Once you reach the line with "木村矮脚马天尼杯日式鸡尾酒杯马提尼杯创意三角杯特调饮品杯子" in the material below, copy each line exactly up to and including the line with "Goodfellow & Co", and skip the pictures.
** SUPPLIED DATA follows **
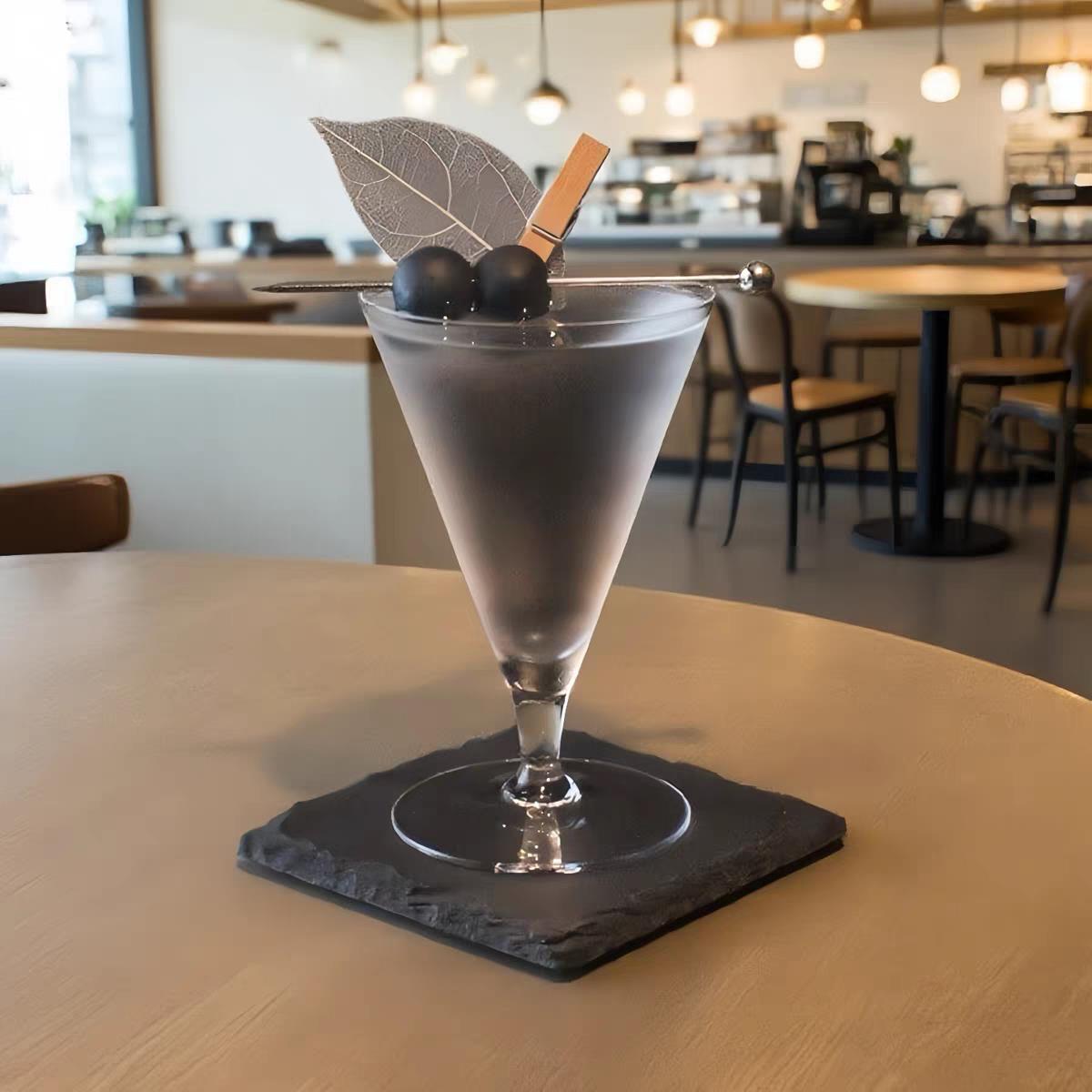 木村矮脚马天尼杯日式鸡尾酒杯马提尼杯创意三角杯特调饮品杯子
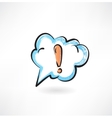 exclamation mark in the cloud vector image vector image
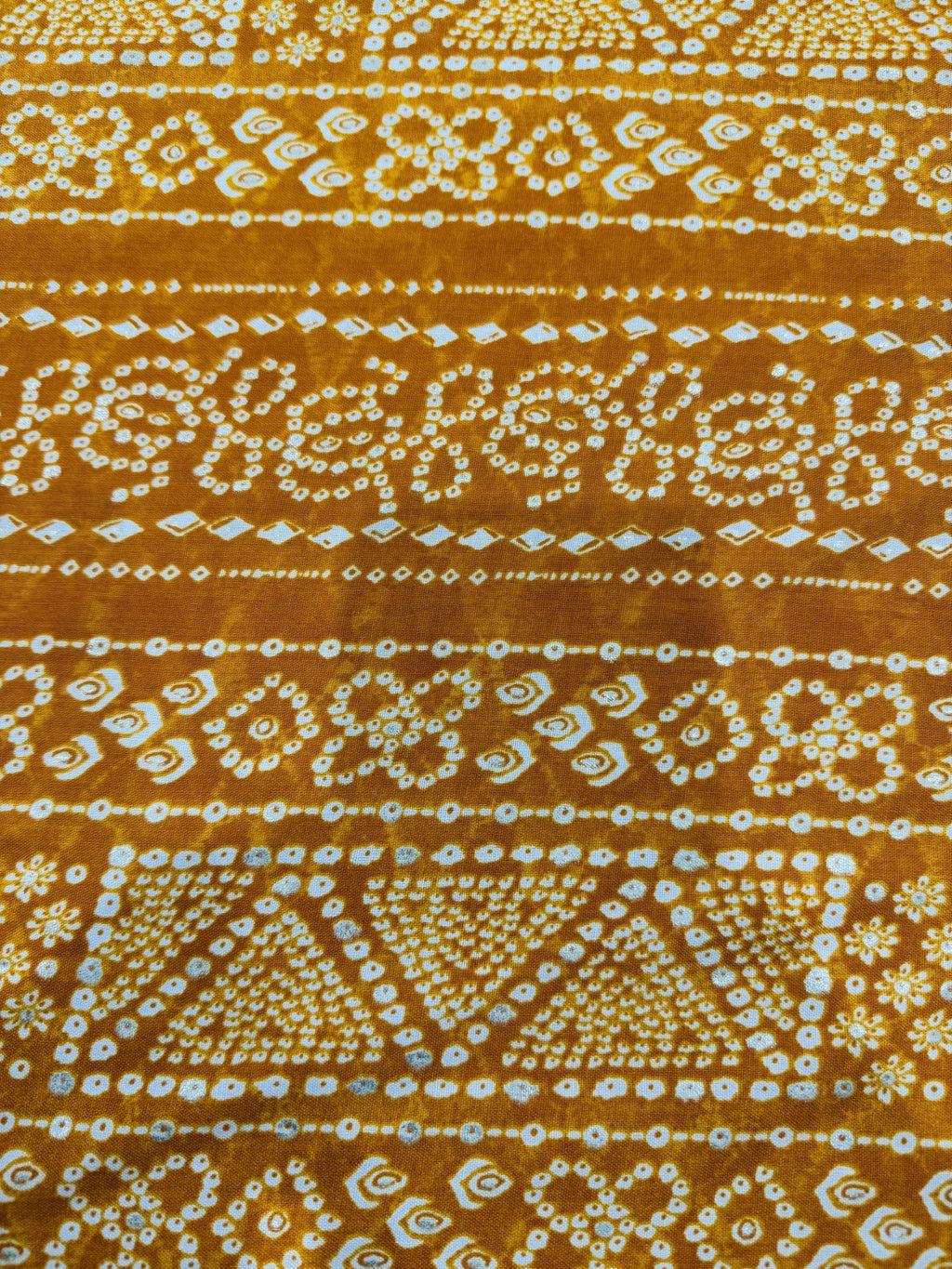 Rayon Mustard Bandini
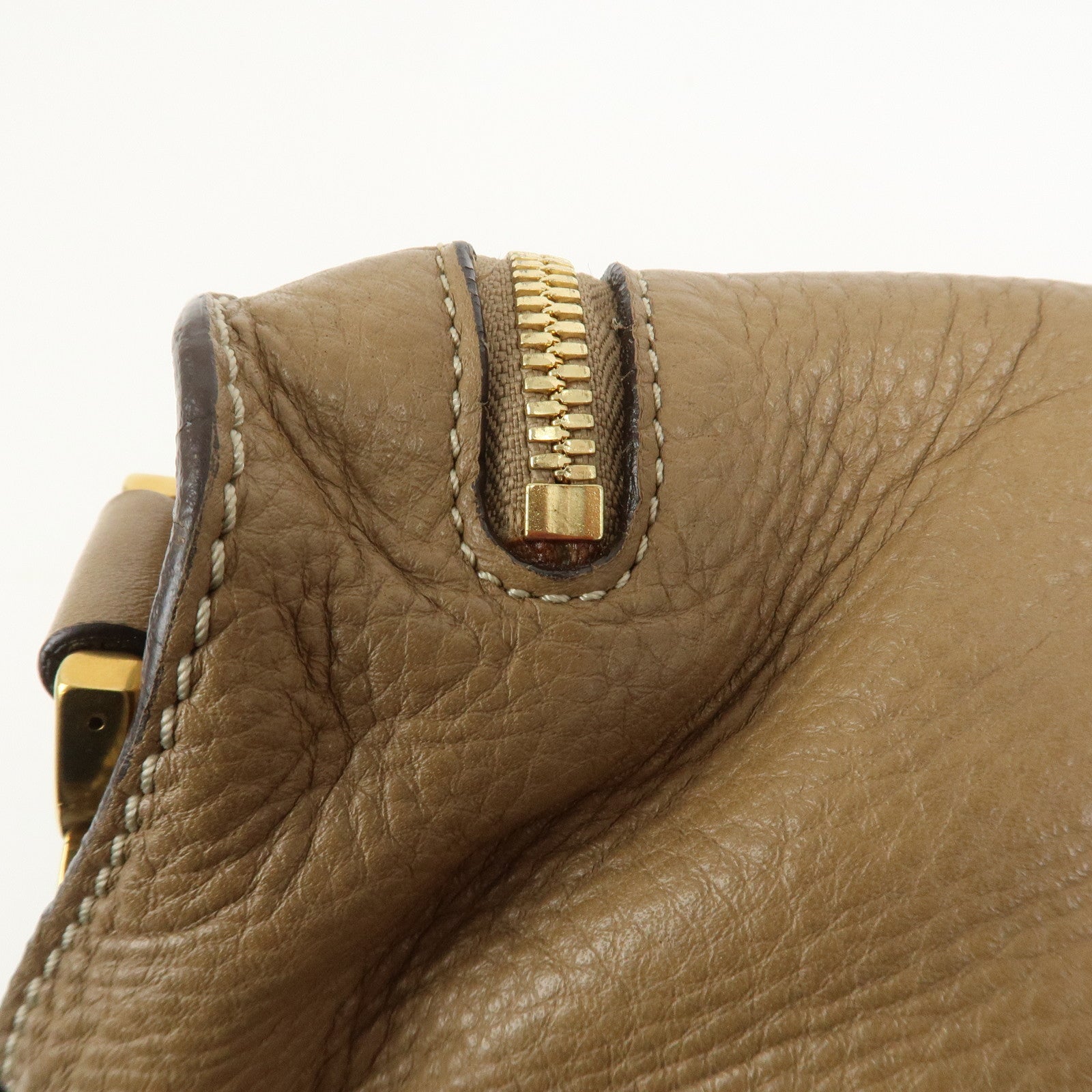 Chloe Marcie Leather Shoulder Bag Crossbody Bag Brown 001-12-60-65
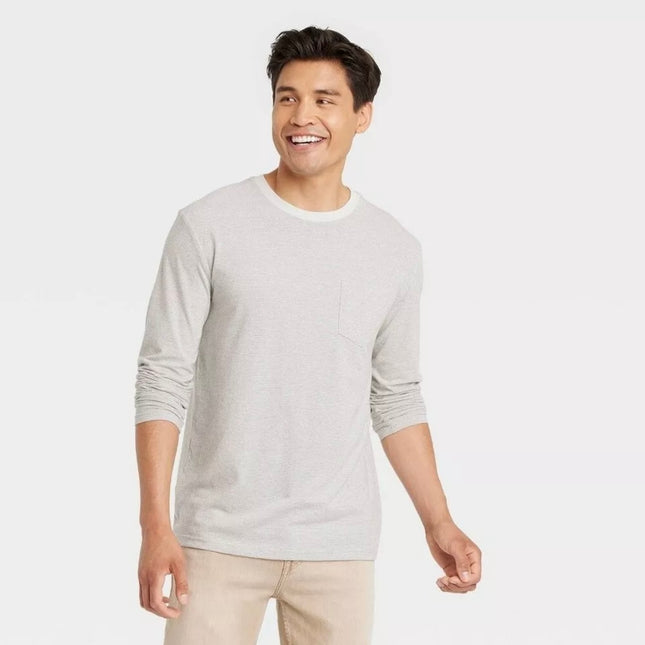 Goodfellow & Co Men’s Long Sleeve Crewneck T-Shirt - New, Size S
** End of SUPPLIED DATA **
** SUPPLIED DATA follows **
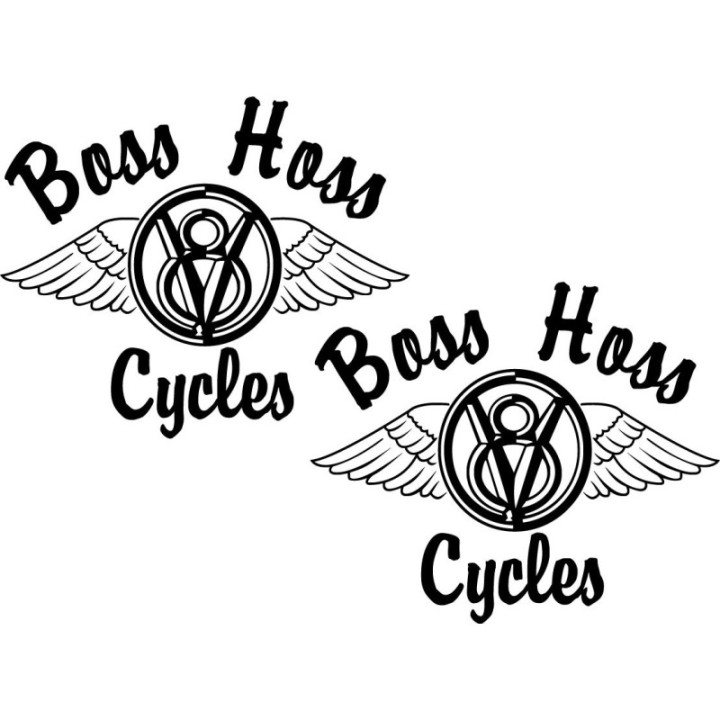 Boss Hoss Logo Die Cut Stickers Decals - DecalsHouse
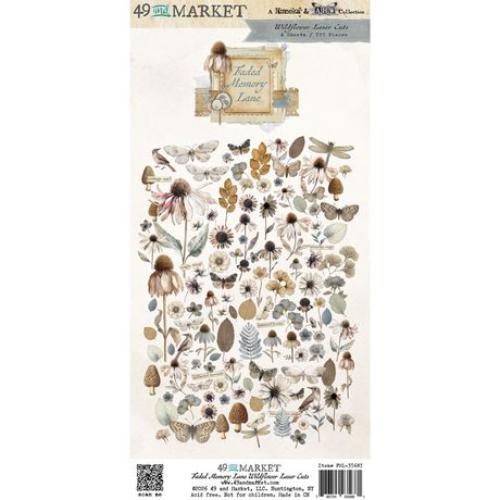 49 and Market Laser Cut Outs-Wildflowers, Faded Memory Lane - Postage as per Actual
** End of SUPPLIED DATA **
● SOLUTION TO THIS PROBLEM
 木村矮脚马天尼杯日式鸡尾酒杯马提尼杯创意三角杯特调饮品杯子
 exclamation mark in the cloud vector image vector image
 Rayon Mustard Bandini
 Chloe Marcie Leather Shoulder Bag Crossbody Bag Brown 001-12-60-65
 Goodfellow & Co Men’s Long Sleeve Crewneck T-Shirt - New, Size S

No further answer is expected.